§ DIRECTIONS FOR THIS TASK:
Give again, word for word, every line in the entries below from the line with "CD Amorphis: Magic" up to and including the line with "ネイル ハンドネイル Molly _nailのネイルデザイン", and no other line.

(Stored entries)
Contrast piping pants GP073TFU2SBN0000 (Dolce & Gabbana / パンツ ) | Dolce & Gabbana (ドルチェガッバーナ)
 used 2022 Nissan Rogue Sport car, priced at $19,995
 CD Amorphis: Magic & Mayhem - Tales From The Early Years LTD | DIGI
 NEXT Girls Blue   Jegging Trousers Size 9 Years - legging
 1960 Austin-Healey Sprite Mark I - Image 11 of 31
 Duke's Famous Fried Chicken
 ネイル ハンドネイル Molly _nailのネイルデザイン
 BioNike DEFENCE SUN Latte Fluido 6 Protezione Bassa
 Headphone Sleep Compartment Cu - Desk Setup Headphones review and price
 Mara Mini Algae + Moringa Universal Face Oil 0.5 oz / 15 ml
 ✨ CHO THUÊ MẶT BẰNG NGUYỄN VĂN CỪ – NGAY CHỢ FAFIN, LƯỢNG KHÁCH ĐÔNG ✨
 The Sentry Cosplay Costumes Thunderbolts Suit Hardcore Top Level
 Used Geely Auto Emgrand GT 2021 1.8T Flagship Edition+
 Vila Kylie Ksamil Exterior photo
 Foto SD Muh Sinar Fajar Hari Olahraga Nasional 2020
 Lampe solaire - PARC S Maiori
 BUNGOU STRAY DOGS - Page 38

§ RESULT FOR THIS EXERCISE:
 CD Amorphis: Magic & Mayhem - Tales From The Early Years LTD | DIGI
 NEXT Girls Blue   Jegging Trousers Size 9 Years - legging
 1960 Austin-Healey Sprite Mark I - Image 11 of 31
 Duke's Famous Fried Chicken
 ネイル ハンドネイル Molly _nailのネイルデザイン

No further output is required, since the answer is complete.